Bottarga
This late summer academics were seen huddling together in the corridors of the Amsterdam University, exchanging small jars with orange coloured powdery contents. As these secretive meetings took place in the humanities department, no one thought anything of it. And rightly so, as this was all about bottarga.
Bottarga is salted, pressed, dried roe of gray mullet (muggine) or tuna fish (tonno), a mediterranean delicacy, claimed by every region as its own and given a fancy name: Sardinian caviar, Sicilian caviar, Egyptian caviar. But as foodtourist.com writes: bottarga is bottarga is bottarga. It comes vacuum-packed in a piece or grated in jars and is used in pasta sauces (spaggheti alla bottarga), as an appetizer (with lemon juice on a piece of bread) and can often replace dried anchovy.
Two jars of grated bottarga di muggine are in my cupboard now and one is half empty already. Today, as you'll have concluded by now, bottarga is not easy to come by if you don't have friends in Sardinian places. This must have been different in the seventeenth century. I quote from The Diary of Samuel Pepys, 5 June 1661:
'So home Sir William and I, and it being very hot weather I took my flageolette and played upon the leads in the garden, where Sir W. Pen came out in his shirt into his leads, and there we staid talking and singing, and drinking great drafts of claret, and eating botargo and bread and butter till 12 at night, it being moonshine; and so to bed, very near fuddled.'The glossary explains that 'botargo was chiefly used to promote drinking by causing thirst'. In the case of mr. Pepys, I get the impression he ate the salty substance with bread and butter to soften the effect of the alcohol, though with limited success. From the same glossary I learned that bottarga is also mentioned in the Sailor's Word-Book by Admiral W.H. Smyth (1867, reissued in 2005), who was of the opinion that 'the best kind comes from Tunis'.

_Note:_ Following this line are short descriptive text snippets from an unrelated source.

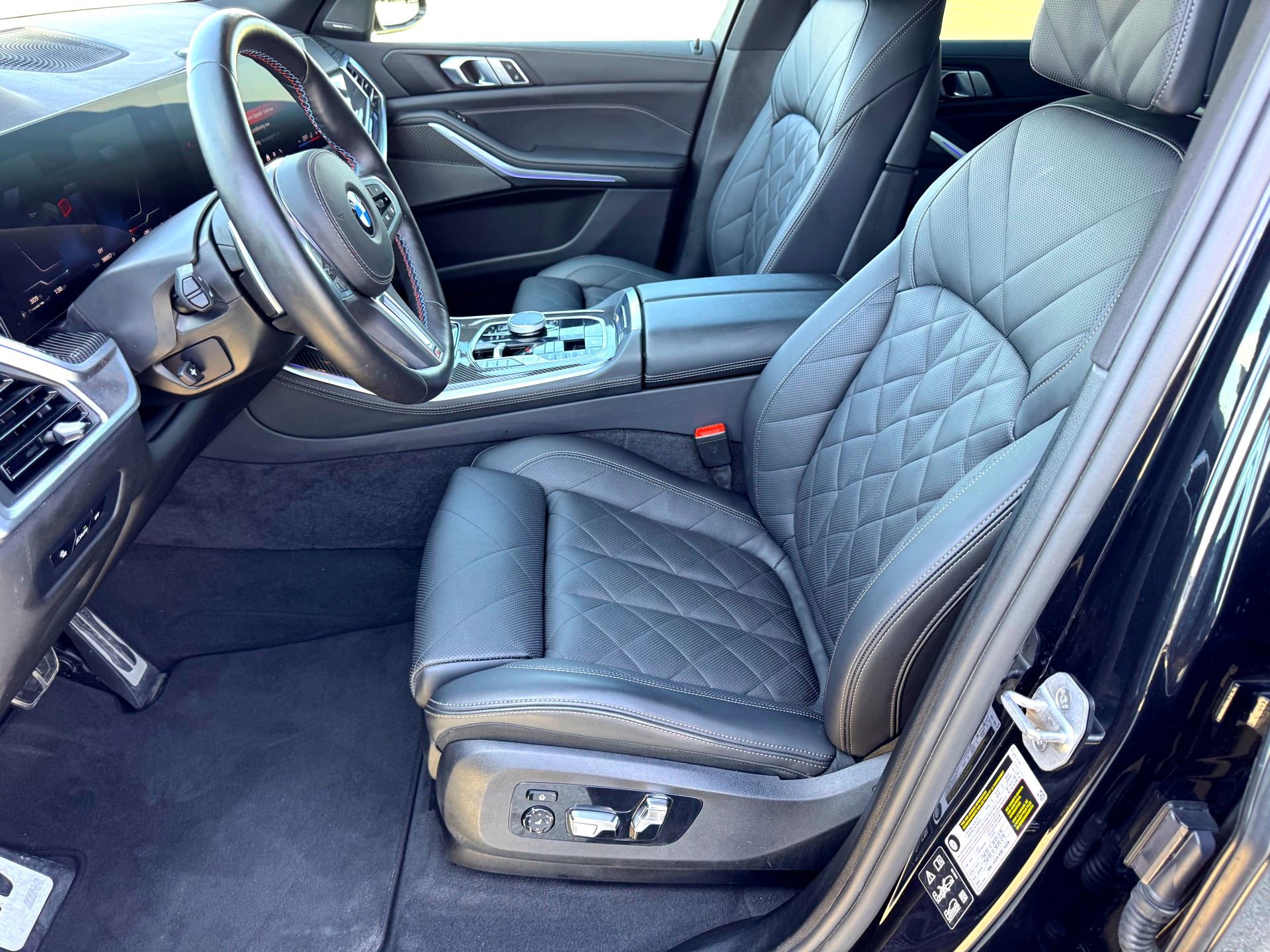 Used 2026 BMW X5 M60i image 13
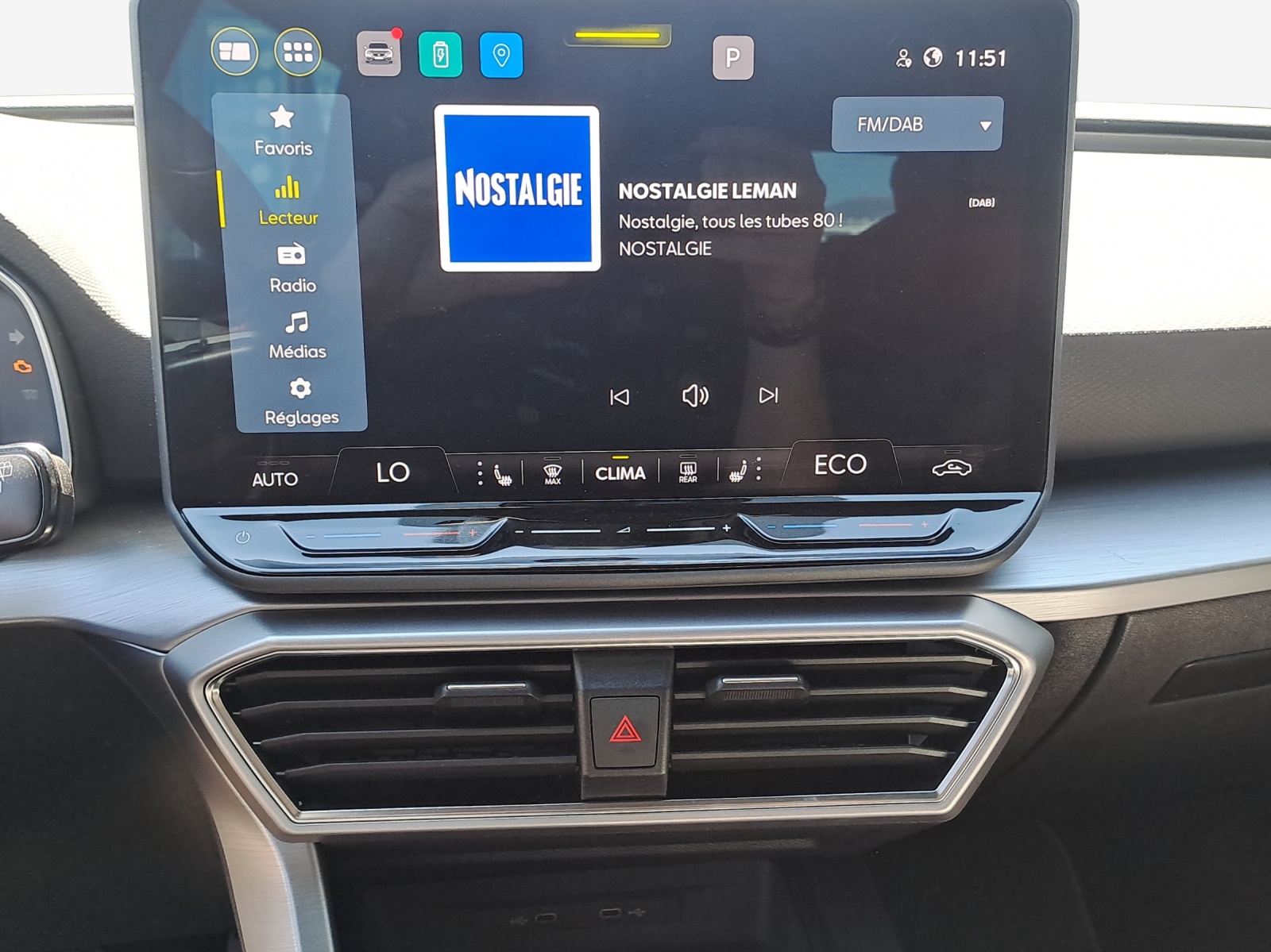 SEAT Leon ST 1.5 eHybrid pHEV DSG FR-image-11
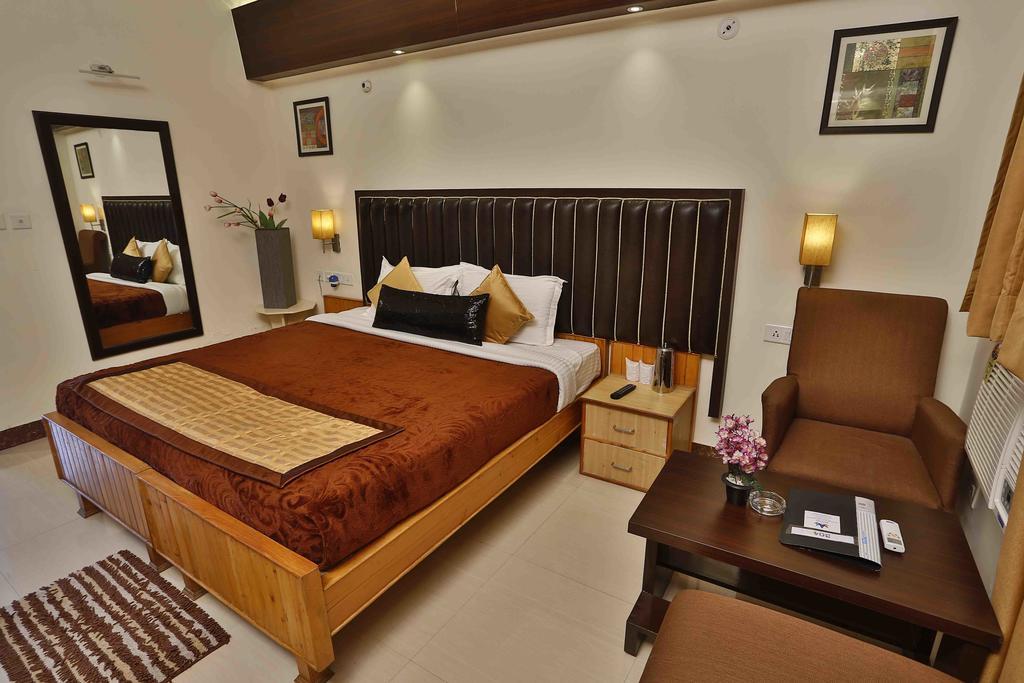 Harshikhar Hotel Bhimtal Exterior photo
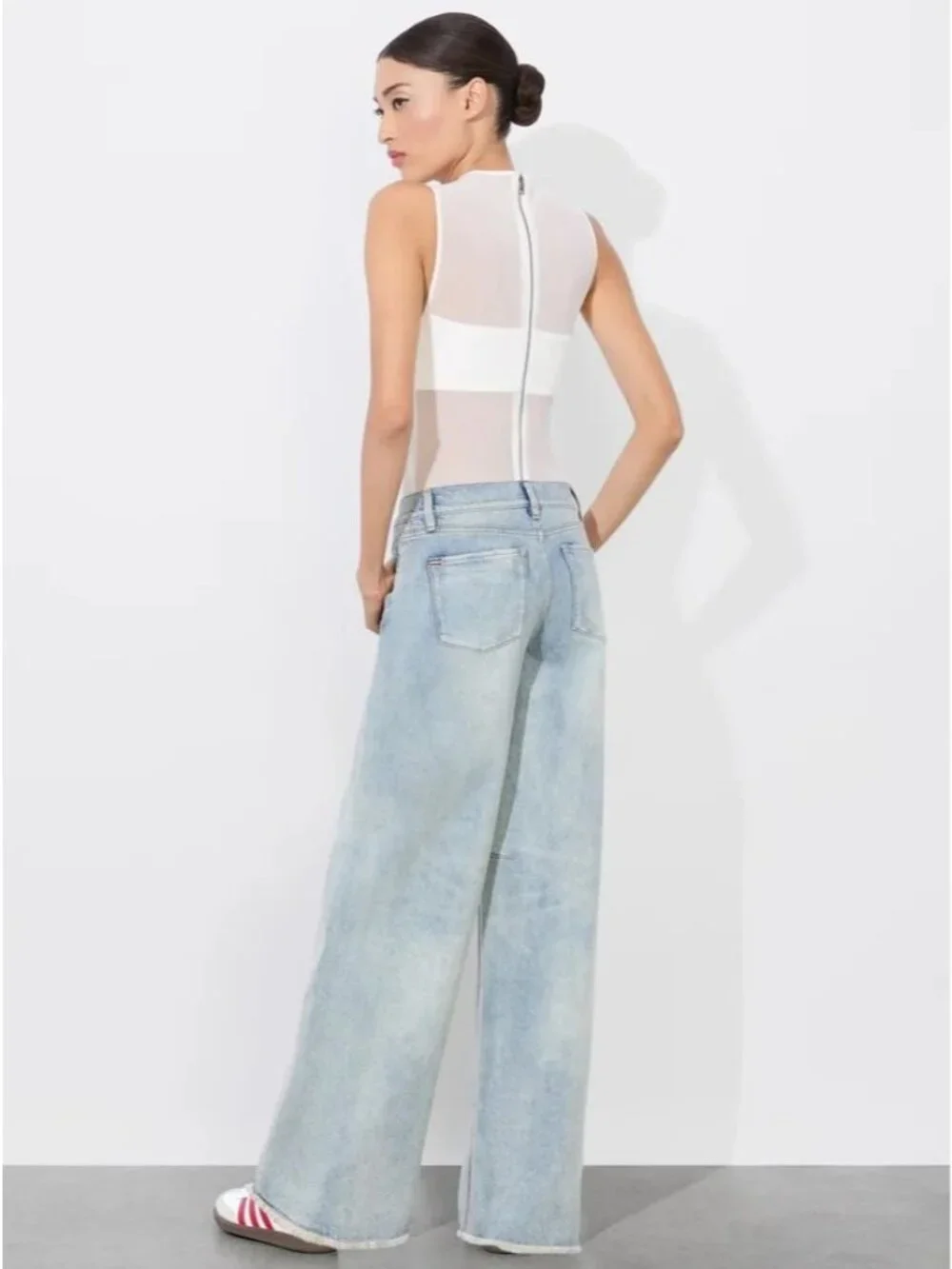 Alice + Olivia Driggs Sierra Light Blue Baloon Jeans 25 - Picture 3 of 11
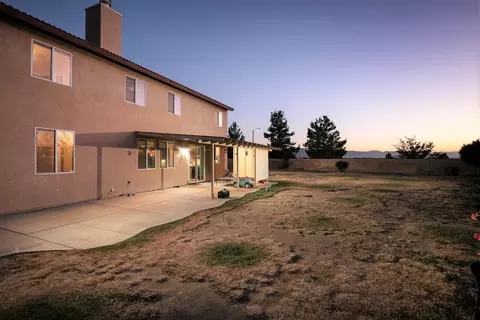 4819 W Avenue J2, Lancaster, CA 93536 photo 2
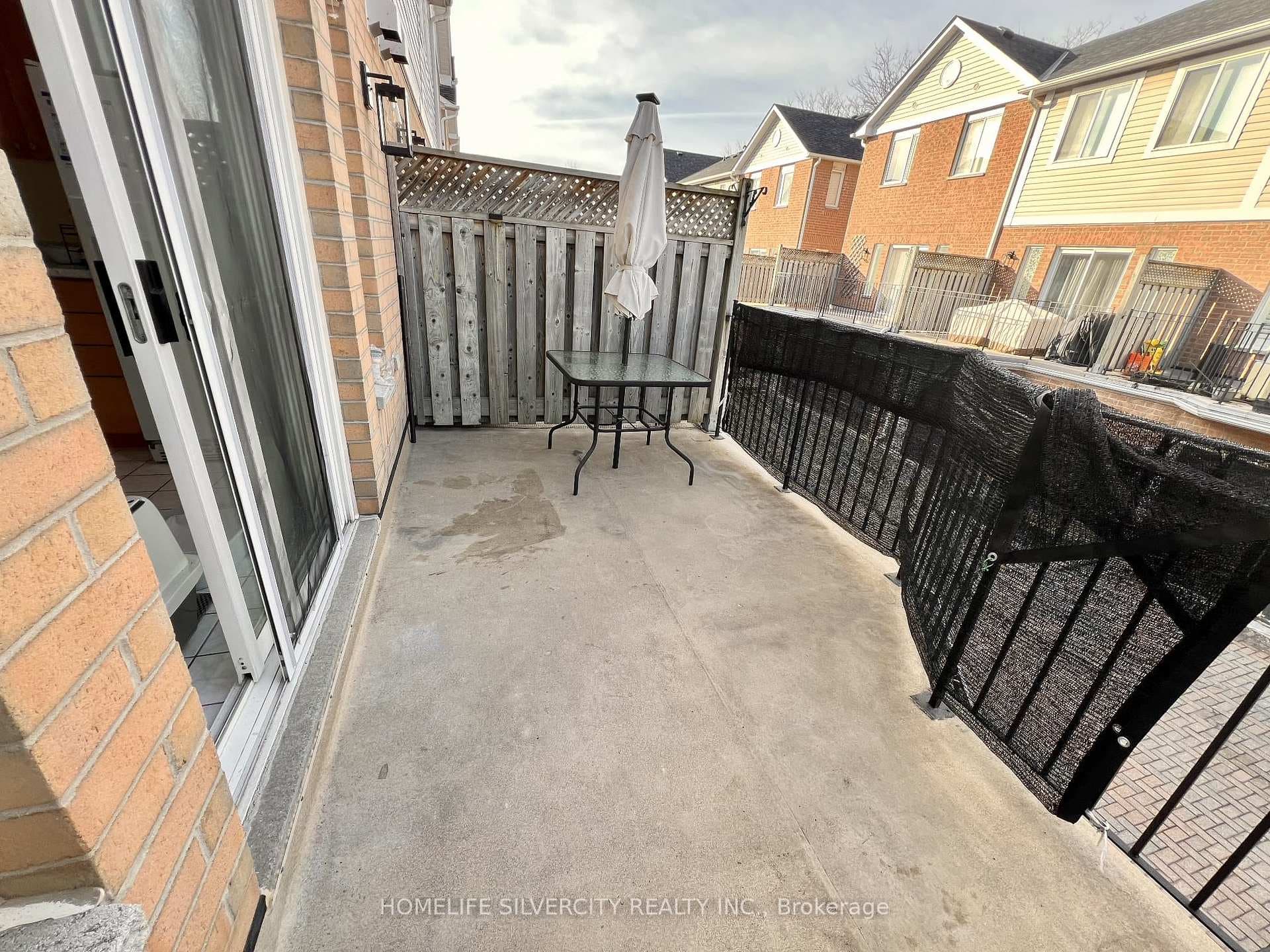 83 Mondeo Drive Unit 100 photo 27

Allow me one more digression before I give you my bottarga recipe. Samuel Pepys' drinking mate was none other than Admiral William Penn, who fought against us Dutch in the beginning of what I learned at school to be the Second English War - a war we won, but lost. See, if this sounds intriguing, The Second Anglo-Dutch War (1665-1667). International raison d'état, mercantilism and maritime strife by Gijs Rommelse (Verloren 2006), about whom I read today in NRC Handelsblad.
Sicilian rice salad
Boil 300 gr rice and let it cool. Add a royal amount of chopped flat-leaf parsley, at least 2 gloves of garlic (chopped), the juice of 1 lemon, 3 heaped spoons of grated bottarga and ample olive oil. Mix well and put in the fridge for about an hour. Goes well with char-grilled meats, but not with claret.